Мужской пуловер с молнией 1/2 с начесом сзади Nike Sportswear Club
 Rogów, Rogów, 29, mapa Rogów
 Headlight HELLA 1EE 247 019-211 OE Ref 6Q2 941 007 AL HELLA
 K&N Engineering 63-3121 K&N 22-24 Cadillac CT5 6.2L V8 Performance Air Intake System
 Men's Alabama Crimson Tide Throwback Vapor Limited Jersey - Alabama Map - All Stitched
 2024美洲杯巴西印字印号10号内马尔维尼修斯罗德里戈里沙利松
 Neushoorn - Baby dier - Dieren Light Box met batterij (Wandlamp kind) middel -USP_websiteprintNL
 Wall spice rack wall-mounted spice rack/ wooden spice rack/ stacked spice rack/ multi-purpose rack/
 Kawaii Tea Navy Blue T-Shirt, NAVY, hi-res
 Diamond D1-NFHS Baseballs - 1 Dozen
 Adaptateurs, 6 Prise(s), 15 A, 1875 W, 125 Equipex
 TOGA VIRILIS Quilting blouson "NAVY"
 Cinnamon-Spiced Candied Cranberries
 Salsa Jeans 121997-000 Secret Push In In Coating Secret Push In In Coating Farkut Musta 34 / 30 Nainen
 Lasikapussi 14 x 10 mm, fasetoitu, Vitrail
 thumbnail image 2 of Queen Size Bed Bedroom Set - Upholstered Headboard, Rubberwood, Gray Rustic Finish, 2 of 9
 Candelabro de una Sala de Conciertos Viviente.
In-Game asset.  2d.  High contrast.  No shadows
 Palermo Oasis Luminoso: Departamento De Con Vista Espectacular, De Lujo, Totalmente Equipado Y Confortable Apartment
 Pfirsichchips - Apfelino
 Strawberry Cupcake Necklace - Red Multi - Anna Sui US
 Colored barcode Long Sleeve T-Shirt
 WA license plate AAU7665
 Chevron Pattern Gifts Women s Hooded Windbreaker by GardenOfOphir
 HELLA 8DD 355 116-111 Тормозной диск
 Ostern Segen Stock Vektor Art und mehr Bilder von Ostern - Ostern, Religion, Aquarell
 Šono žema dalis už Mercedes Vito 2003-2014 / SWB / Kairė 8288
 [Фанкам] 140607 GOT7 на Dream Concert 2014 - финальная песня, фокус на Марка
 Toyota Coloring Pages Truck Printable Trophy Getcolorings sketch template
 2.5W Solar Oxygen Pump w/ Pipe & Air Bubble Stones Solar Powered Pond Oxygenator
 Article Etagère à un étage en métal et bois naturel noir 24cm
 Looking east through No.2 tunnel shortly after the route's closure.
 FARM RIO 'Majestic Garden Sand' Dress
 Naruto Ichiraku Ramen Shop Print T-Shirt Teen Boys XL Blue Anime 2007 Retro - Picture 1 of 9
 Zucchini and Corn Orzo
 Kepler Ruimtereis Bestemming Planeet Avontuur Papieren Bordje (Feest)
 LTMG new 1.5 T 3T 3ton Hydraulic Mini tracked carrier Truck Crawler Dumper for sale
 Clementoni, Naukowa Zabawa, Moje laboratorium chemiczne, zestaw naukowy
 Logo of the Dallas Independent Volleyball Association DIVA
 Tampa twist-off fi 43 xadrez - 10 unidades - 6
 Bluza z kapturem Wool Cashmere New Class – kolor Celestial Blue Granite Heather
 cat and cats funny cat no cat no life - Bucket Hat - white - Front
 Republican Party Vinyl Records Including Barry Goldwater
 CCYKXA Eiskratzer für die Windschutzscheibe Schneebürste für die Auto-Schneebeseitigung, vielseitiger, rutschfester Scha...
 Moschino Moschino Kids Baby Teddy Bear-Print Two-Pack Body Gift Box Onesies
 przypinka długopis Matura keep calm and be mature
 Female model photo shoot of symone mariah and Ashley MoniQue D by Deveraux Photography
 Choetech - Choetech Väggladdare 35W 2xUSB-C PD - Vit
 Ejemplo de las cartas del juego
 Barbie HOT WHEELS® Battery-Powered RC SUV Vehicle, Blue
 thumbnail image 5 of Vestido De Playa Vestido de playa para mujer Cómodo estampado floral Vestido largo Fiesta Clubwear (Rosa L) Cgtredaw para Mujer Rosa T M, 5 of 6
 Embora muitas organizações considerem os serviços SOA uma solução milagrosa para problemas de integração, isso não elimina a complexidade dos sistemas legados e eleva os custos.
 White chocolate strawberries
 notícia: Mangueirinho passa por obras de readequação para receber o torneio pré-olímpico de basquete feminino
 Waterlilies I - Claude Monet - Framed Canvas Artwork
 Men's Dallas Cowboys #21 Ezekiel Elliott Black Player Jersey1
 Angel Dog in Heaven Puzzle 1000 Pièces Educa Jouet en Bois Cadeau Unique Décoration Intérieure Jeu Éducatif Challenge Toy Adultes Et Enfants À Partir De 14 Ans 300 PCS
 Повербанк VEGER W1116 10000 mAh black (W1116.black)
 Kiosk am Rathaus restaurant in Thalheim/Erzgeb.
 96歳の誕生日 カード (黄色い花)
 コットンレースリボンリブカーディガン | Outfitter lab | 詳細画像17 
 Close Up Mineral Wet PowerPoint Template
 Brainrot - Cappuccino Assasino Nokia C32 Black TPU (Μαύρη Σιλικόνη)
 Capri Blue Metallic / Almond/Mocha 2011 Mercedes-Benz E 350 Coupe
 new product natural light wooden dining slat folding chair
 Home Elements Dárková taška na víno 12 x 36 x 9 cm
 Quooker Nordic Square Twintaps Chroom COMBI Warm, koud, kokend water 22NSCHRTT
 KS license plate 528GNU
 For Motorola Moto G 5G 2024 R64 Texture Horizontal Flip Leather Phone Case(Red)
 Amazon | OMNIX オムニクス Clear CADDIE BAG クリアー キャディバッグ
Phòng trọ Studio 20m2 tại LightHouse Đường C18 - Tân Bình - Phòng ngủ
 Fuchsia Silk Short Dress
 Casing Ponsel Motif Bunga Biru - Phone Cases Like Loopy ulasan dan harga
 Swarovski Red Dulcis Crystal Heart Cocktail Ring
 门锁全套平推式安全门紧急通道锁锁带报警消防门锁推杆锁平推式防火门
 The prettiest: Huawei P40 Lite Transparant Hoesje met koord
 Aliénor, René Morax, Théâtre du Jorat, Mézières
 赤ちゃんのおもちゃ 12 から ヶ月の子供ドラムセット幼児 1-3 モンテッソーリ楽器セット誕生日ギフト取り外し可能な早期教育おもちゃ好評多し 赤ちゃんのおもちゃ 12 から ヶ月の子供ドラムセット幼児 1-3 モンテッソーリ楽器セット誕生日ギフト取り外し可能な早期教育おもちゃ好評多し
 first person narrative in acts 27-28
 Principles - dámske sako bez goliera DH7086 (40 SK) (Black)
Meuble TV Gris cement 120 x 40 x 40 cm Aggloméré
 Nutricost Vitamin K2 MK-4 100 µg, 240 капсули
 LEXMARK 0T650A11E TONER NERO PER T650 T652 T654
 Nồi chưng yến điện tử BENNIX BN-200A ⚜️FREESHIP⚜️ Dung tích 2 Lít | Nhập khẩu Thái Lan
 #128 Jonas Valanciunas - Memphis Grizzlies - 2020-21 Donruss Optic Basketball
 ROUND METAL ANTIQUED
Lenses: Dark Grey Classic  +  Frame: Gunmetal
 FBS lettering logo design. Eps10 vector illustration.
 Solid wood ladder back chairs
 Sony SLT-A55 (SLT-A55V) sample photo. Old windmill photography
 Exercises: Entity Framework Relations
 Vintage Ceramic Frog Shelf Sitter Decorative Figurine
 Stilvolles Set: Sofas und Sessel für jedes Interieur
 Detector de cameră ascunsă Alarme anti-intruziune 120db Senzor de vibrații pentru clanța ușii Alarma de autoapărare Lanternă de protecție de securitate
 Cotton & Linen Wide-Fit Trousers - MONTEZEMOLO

Work instructions> An exact copy of the listing is the goal. Transcribe it in full.

Answer box>
Мужской пуловер с молнией 1/2 с начесом сзади Nike Sportswear Club
 Rogów, Rogów, 29, mapa Rogów
 Headlight HELLA 1EE 247 019-211 OE Ref 6Q2 941 007 AL HELLA
 K&N Engineering 63-3121 K&N 22-24 Cadillac CT5 6.2L V8 Performance Air Intake System
 Men's Alabama Crimson Tide Throwback Vapor Limited Jersey - Alabama Map - All Stitched
 2024美洲杯巴西印字印号10号内马尔维尼修斯罗德里戈里沙利松
 Neushoorn - Baby dier - Dieren Light Box met batterij (Wandlamp kind) middel -USP_websiteprintNL
 Wall spice rack wall-mounted spice rack/ wooden spice rack/ stacked spice rack/ multi-purpose rack/
 Kawaii Tea Navy Blue T-Shirt, NAVY, hi-res
 Diamond D1-NFHS Baseballs - 1 Dozen
 Adaptateurs, 6 Prise(s), 15 A, 1875 W, 125 Equipex
 TOGA VIRILIS Quilting blouson "NAVY"
 Cinnamon-Spiced Candied Cranberries
 Salsa Jeans 121997-000 Secret Push In In Coating Secret Push In In Coating Farkut Musta 34 / 30 Nainen
 Lasikapussi 14 x 10 mm, fasetoitu, Vitrail
 thumbnail image 2 of Queen Size Bed Bedroom Set - Upholstered Headboard, Rubberwood, Gray Rustic Finish, 2 of 9
 Candelabro de una Sala de Conciertos Viviente.
In-Game asset.  2d.  High contrast.  No shadows
 Palermo Oasis Luminoso: Departamento De Con Vista Espectacular, De Lujo, Totalmente Equipado Y Confortable Apartment
 Pfirsichchips - Apfelino
 Strawberry Cupcake Necklace - Red Multi - Anna Sui US
 Colored barcode Long Sleeve T-Shirt
 WA license plate AAU7665
 Chevron Pattern Gifts Women s Hooded Windbreaker by GardenOfOphir
 HELLA 8DD 355 116-111 Тормозной диск
 Ostern Segen Stock Vektor Art und mehr Bilder von Ostern - Ostern, Religion, Aquarell
 Šono žema dalis už Mercedes Vito 2003-2014 / SWB / Kairė 8288
 [Фанкам] 140607 GOT7 на Dream Concert 2014 - финальная песня, фокус на Марка
 Toyota Coloring Pages Truck Printable Trophy Getcolorings sketch template
 2.5W Solar Oxygen Pump w/ Pipe & Air Bubble Stones Solar Powered Pond Oxygenator
 Article Etagère à un étage en métal et bois naturel noir 24cm
 Looking east through No.2 tunnel shortly after the route's closure.
 FARM RIO 'Majestic Garden Sand' Dress
 Naruto Ichiraku Ramen Shop Print T-Shirt Teen Boys XL Blue Anime 2007 Retro - Picture 1 of 9
 Zucchini and Corn Orzo
 Kepler Ruimtereis Bestemming Planeet Avontuur Papieren Bordje (Feest)
 LTMG new 1.5 T 3T 3ton Hydraulic Mini tracked carrier Truck Crawler Dumper for sale
 Clementoni, Naukowa Zabawa, Moje laboratorium chemiczne, zestaw naukowy
 Logo of the Dallas Independent Volleyball Association DIVA
 Tampa twist-off fi 43 xadrez - 10 unidades - 6
 Bluza z kapturem Wool Cashmere New Class – kolor Celestial Blue Granite Heather
 cat and cats funny cat no cat no life - Bucket Hat - white - Front
 Republican Party Vinyl Records Including Barry Goldwater
 CCYKXA Eiskratzer für die Windschutzscheibe Schneebürste für die Auto-Schneebeseitigung, vielseitiger, rutschfester Scha...
 Moschino Moschino Kids Baby Teddy Bear-Print Two-Pack Body Gift Box Onesies
 przypinka długopis Matura keep calm and be mature
 Female model photo shoot of symone mariah and Ashley MoniQue D by Deveraux Photography
 Choetech - Choetech Väggladdare 35W 2xUSB-C PD - Vit
 Ejemplo de las cartas del juego
 Barbie HOT WHEELS® Battery-Powered RC SUV Vehicle, Blue
 thumbnail image 5 of Vestido De Playa Vestido de playa para mujer Cómodo estampado floral Vestido largo Fiesta Clubwear (Rosa L) Cgtredaw para Mujer Rosa T M, 5 of 6
 Embora muitas organizações considerem os serviços SOA uma solução milagrosa para problemas de integração, isso não elimina a complexidade dos sistemas legados e eleva os custos.
 White chocolate strawberries
 notícia: Mangueirinho passa por obras de readequação para receber o torneio pré-olímpico de basquete feminino
 Waterlilies I - Claude Monet - Framed Canvas Artwork
 Men's Dallas Cowboys #21 Ezekiel Elliott Black Player Jersey1
 Angel Dog in Heaven Puzzle 1000 Pièces Educa Jouet en Bois Cadeau Unique Décoration Intérieure Jeu Éducatif Challenge Toy Adultes Et Enfants À Partir De 14 Ans 300 PCS
 Повербанк VEGER W1116 10000 mAh black (W1116.black)
 Kiosk am Rathaus restaurant in Thalheim/Erzgeb.
 96歳の誕生日 カード (黄色い花)
 コットンレースリボンリブカーディガン | Outfitter lab | 詳細画像17 
 Close Up Mineral Wet PowerPoint Template
 Brainrot - Cappuccino Assasino Nokia C32 Black TPU (Μαύρη Σιλικόνη)
 Capri Blue Metallic / Almond/Mocha 2011 Mercedes-Benz E 350 Coupe
 new product natural light wooden dining slat folding chair
 Home Elements Dárková taška na víno 12 x 36 x 9 cm
 Quooker Nordic Square Twintaps Chroom COMBI Warm, koud, kokend water 22NSCHRTT
 KS license plate 528GNU
 For Motorola Moto G 5G 2024 R64 Texture Horizontal Flip Leather Phone Case(Red)
 Amazon | OMNIX オムニクス Clear CADDIE BAG クリアー キャディバッグ
Phòng trọ Studio 20m2 tại LightHouse Đường C18 - Tân Bình - Phòng ngủ
 Fuchsia Silk Short Dress
 Casing Ponsel Motif Bunga Biru - Phone Cases Like Loopy ulasan dan harga
 Swarovski Red Dulcis Crystal Heart Cocktail Ring
 门锁全套平推式安全门紧急通道锁锁带报警消防门锁推杆锁平推式防火门
 The prettiest: Huawei P40 Lite Transparant Hoesje met koord
 Aliénor, René Morax, Théâtre du Jorat, Mézières
 赤ちゃんのおもちゃ 12 から ヶ月の子供ドラムセット幼児 1-3 モンテッソーリ楽器セット誕生日ギフト取り外し可能な早期教育おもちゃ好評多し 赤ちゃんのおもちゃ 12 から ヶ月の子供ドラムセット幼児 1-3 モンテッソーリ楽器セット誕生日ギフト取り外し可能な早期教育おもちゃ好評多し
 first person narrative in acts 27-28
 Principles - dámske sako bez goliera DH7086 (40 SK) (Black)
Meuble TV Gris cement 120 x 40 x 40 cm Aggloméré
 Nutricost Vitamin K2 MK-4 100 µg, 240 капсули
 LEXMARK 0T650A11E TONER NERO PER T650 T652 T654
 Nồi chưng yến điện tử BENNIX BN-200A ⚜️FREESHIP⚜️ Dung tích 2 Lít | Nhập khẩu Thái Lan
 #128 Jonas Valanciunas - Memphis Grizzlies - 2020-21 Donruss Optic Basketball
 ROUND METAL ANTIQUED
Lenses: Dark Grey Classic  +  Frame: Gunmetal
 FBS lettering logo design. Eps10 vector illustration.
 Solid wood ladder back chairs
 Sony SLT-A55 (SLT-A55V) sample photo. Old windmill photography
 Exercises: Entity Framework Relations
 Vintage Ceramic Frog Shelf Sitter Decorative Figurine
 Stilvolles Set: Sofas und Sessel für jedes Interieur
 Detector de cameră ascunsă Alarme anti-intruziune 120db Senzor de vibrații pentru clanța ușii Alarma de autoapărare Lanternă de protecție de securitate
 Cotton & Linen Wide-Fit Trousers - MONTEZEMOLO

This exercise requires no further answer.